I ran into this expression while reading through a chapter a book:
$$\sum_{i=0}^{n}\frac{e^{-1500}1500^i}{i!} \ge 0.95$$
And they solve for $n$ and got $n = 1564$ from the expression, but there's no detail on how to get $n$. Can someone explain how to get that number for $n$?
The book is Discrete Event System Simulation by Jerry Banks. This is in the 5th Edition, Chapter 6 Example 6.15, if anyone wants to look this up.
On
From a purely algebraic point of view $$\sum_{i=0}^{n}\frac{e^{-1500}1500^i}{i!} =\frac{\Gamma (n+1,1500)}{\Gamma (n+1)}$$ So, you could consider that we look for the zero of function $$f(x)=\frac{\Gamma (x+1,1500)}{\Gamma (x+1)}-0.95$$ which is not very well conditioned.
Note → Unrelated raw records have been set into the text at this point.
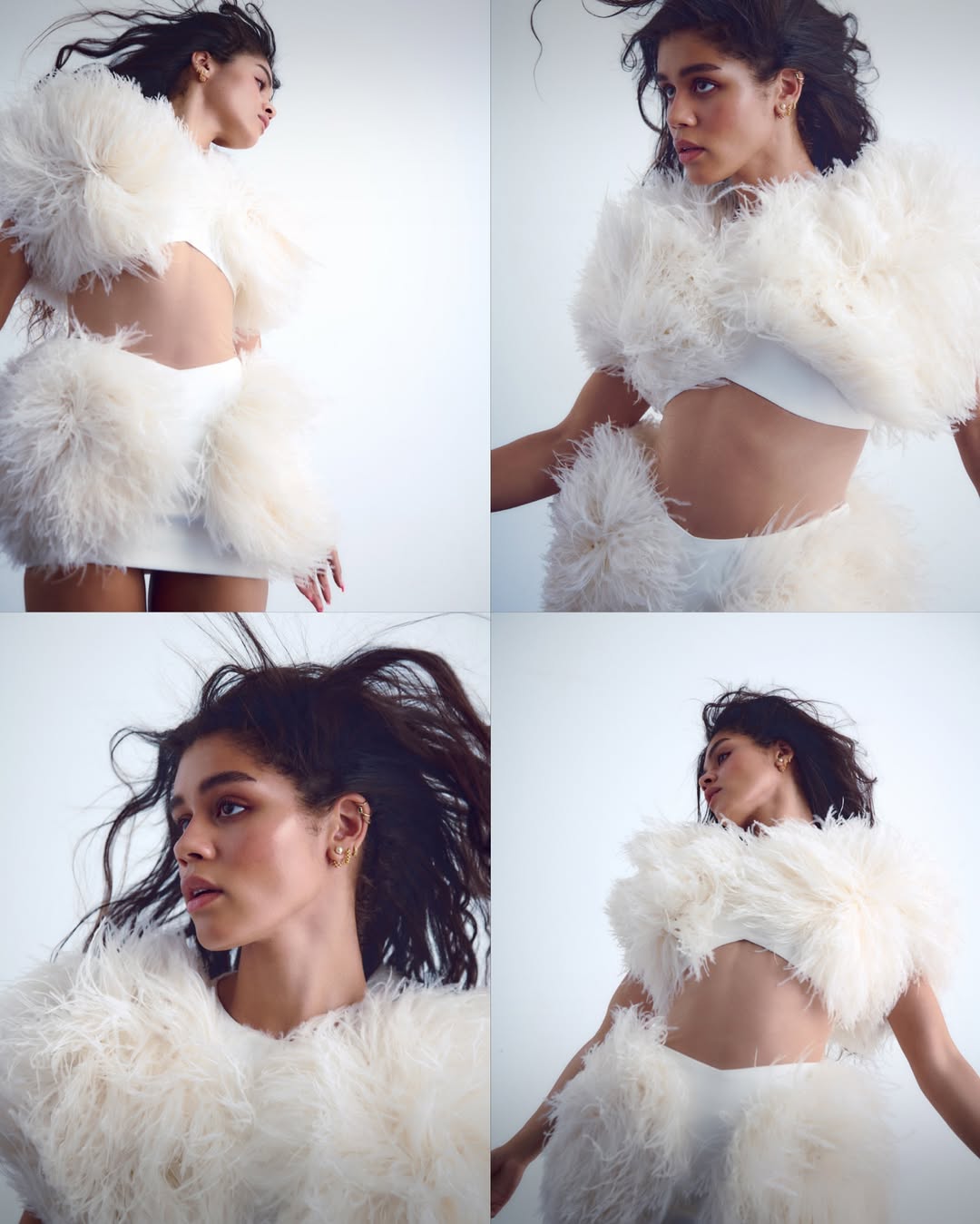 Rosaline Shahnavaz X Ama for Wonderland Magazine Sep. 25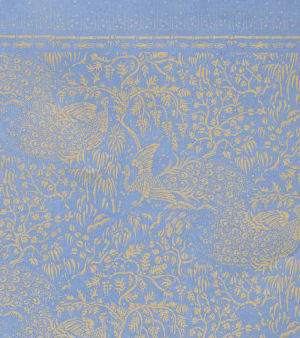 Peacocks (blue)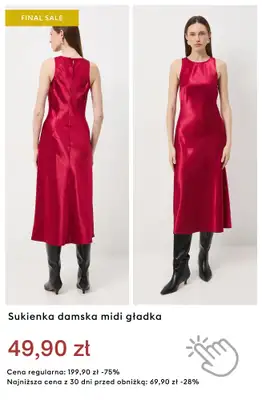 Medicine - gazetka promocyjna Sukienki już od 49,90 zł od wtorku 04.08 do poniedziałku 17.08 - strona 12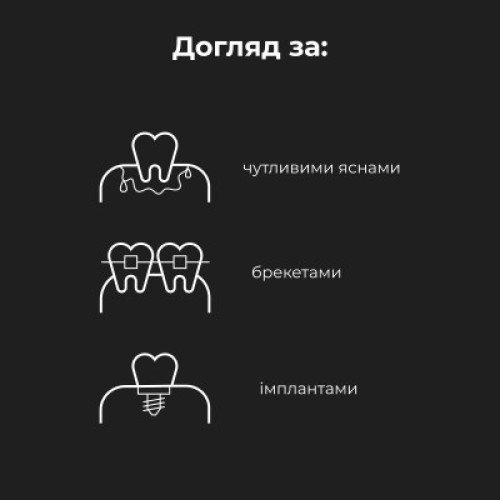Электрическая зубная щетка AENO DB4 (ADB0004)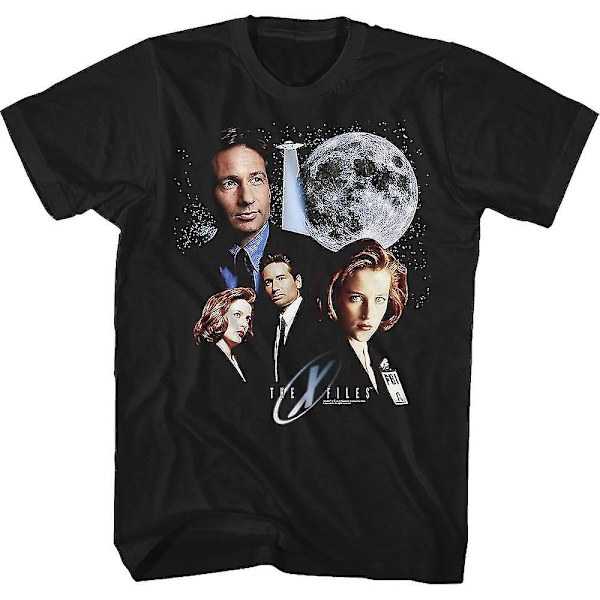 Full Moon X-files T-shirt XL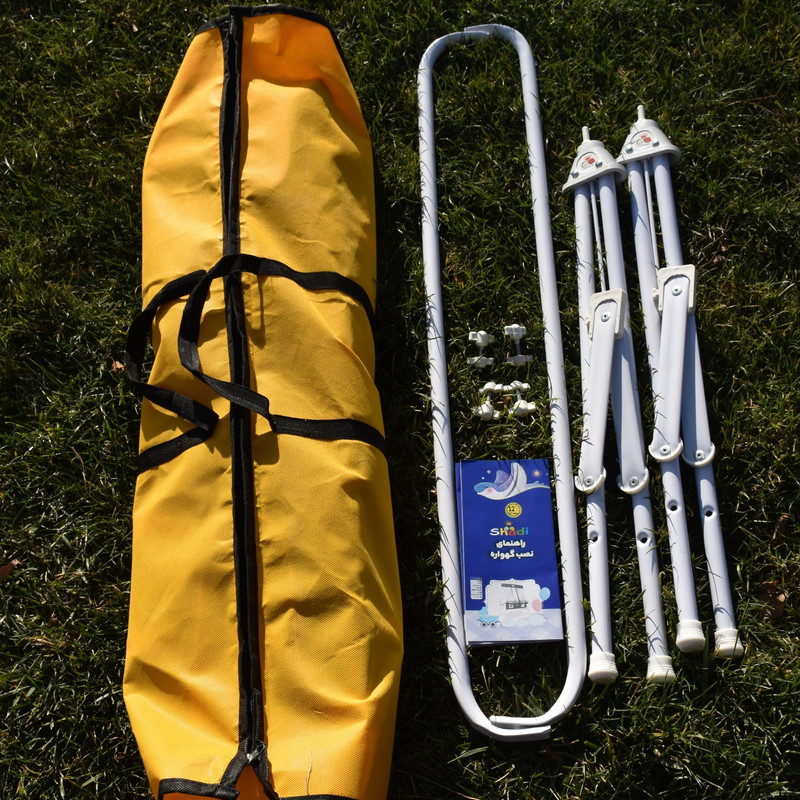 گهواره نوزاد شادی مدل کلاسیک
Better will be to search for the zero of $$g(x)=\log \left(\frac{\Gamma (x+1,1500)}{\Gamma (x+1)}\right)-\log(0.95)$$ Remembering that $\frac{\Gamma (m,m)}{\Gamma (m)} < \frac 12$, let us use Newton method with $x_0=1500$. Since $g(x_0) <0$ and $g''(x_0) <0$, by Darboux theorem, we shall not face any overshoot of the solution which is $x=1563.485020$.
Just for the fun of it, ask Wolfram Alpha to plot $g(x)$ for $1500 \leq x \leq 1600$.
The probability distribution is the Poisson distribution with $\lambda=1500$. For large $\lambda$ the distribution is approximately normal with mean $\lambda$ and variance $\lambda$, so standard deviation $\sigma=\sqrt \lambda$. For a one-sided normal distribution you have $5\%$ of the area above mean + $1.648 \sigma$, which here is $1500+1.648 \sqrt {1500} \approx 1564$